A análise de quando os acordos de vacinas Covid-19 foram feitos com o número de doses administradas em países ao redor do mundo mostra que como e quando os acordos foram feitos entre os países e os desenvolvedores de vacinas afetaram muito o acesso do país às doses. Por exemplo, os EUA e o Reino Unido fizeram seus primeiros acordos de aquisição da Covid-19 com empresas farmacêuticas em maio de 2020, quando as vacinas ainda estavam em teste clínico. A União Africana fez seu primeiro acordo de vacina oito meses depois.

Os países que chegaram a acordos iniciais estavam na vanguarda da linha de vacinas e respondem pela maioria das doses administradas em todo o mundo. O Marrocos, que fez o primeiro acordo de vacina na África em setembro de 2020, conseguiu garantir um total de 53,5 milhões de doses de Astrazeneca e Sinopharm em novembro do mesmo ano. Como resultado, administrou o maior número de doses da vacina Covid-19 nos continentes – mais de 9,3 milhões de doses.

No entanto, os especialistas enfatizaram que o investimento urgente no desenvolvimento local de vacinas e na capacidade de fabricação continua sendo uma solução mais sustentável para o problema de acesso às vacinas na África.

“Precisamos ter nossos próprios sistemas de desenvolvimento e fabricação de vacinas”, disse o professor Gideon Awandare, diretor do Centro da África Ocidental para Biologia Celular de Patógenos Infecciosos. “Ficar sentado esperando que outros produzam as vacinas e nos dêem o que sobrou depois de terem cuidado de seu povo não é uma estratégia sustentável.”

Awandare alertou que investir na rápida produção em massa de uma vacina contra a malária, como vimos com as vacinas Covid-19, não será uma prioridade para os países ocidentais, já que a malária não é endêmica nesses países. Será para africanos e pessoas em outras partes do mundo onde a malária causou mais dor e sofrimento para carregar o fardo.

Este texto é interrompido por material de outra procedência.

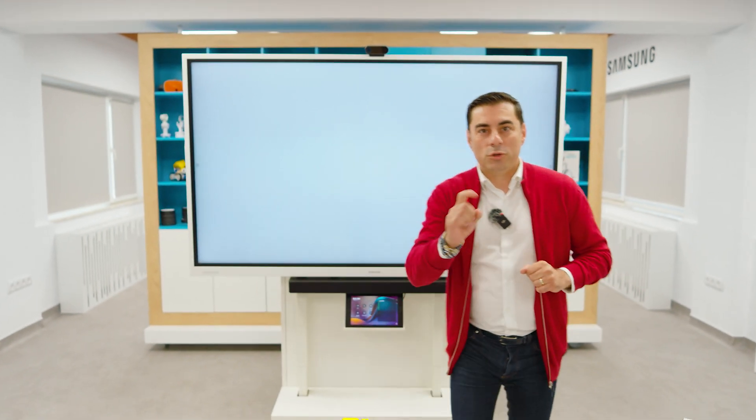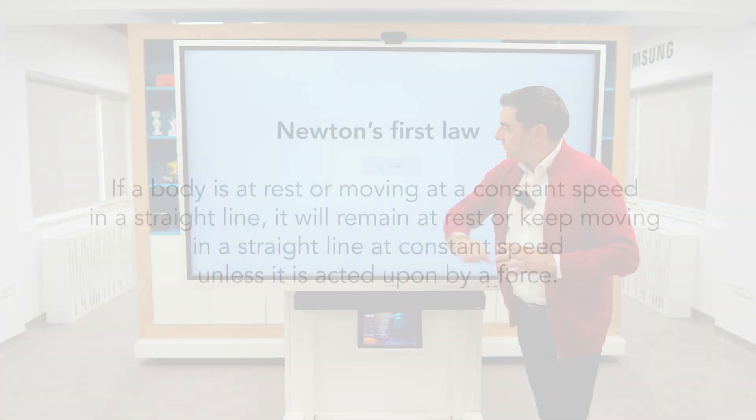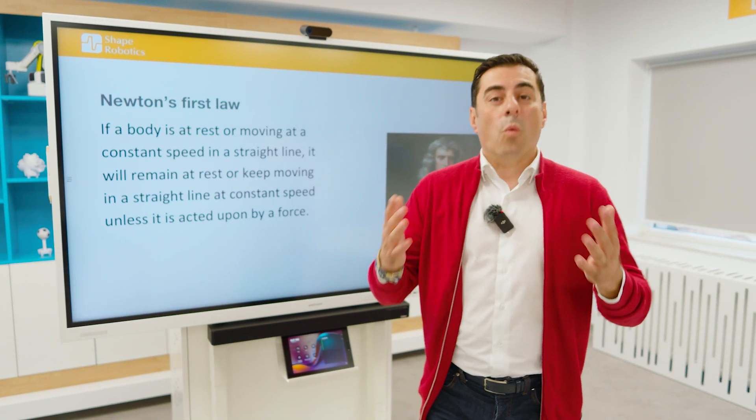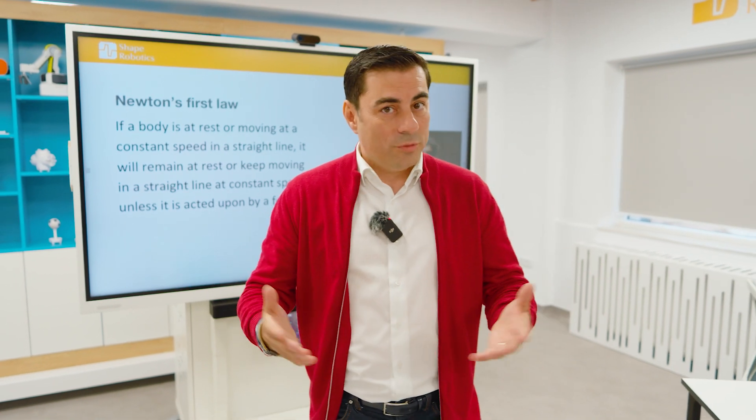Principle 1 of Mechanics: Newton's First Law. If a body is at rest or moving at a constant speed in a straight line, it will remain at rest or keep moving in a straight line at constant speed, unless it is acted upon by a force. So in one word, we are talking about inertia.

“Esta é a hora de os governos africanos começarem a construir a capacidade de fazer vacinas localmente, para que quando a vacina da malária for feita, se tivermos os sistemas em vigor e a propriedade intelectual for abandonada, possamos começar a fazer localmente. Esperar que outros o produzam para que possamos fazer o pedido não é uma boa estratégia “, disse ele.

Tippoo recomendou que a União Africana trabalhasse com os governos africanos para cumprir a visão da fabricação de vacinas na África. “Garantir que a África tenha acesso oportuno às vacinas para proteger a segurança da saúde pública, estabelecendo um ecossistema de desenvolvimento e fabricação de vacinas sustentável na África.”

Durante esta pandemia, organizações como a União Africana e o CDC Africano, com fundos facilitados pelo Afeximbank, colaboraram de uma forma sem precedentes em um esquema que conseguiu acordos de compra antecipada com desenvolvedores de vacinas para vacinas Covid-19. Uma abordagem semelhante pode ser aprimorada com o apoio da comunidade global para reunir recursos para o desenvolvimento da capacidade local de pesquisa e fabricação de vacinas ou para fazer acordos de aquisição antecipada com os desenvolvedores de vacinas.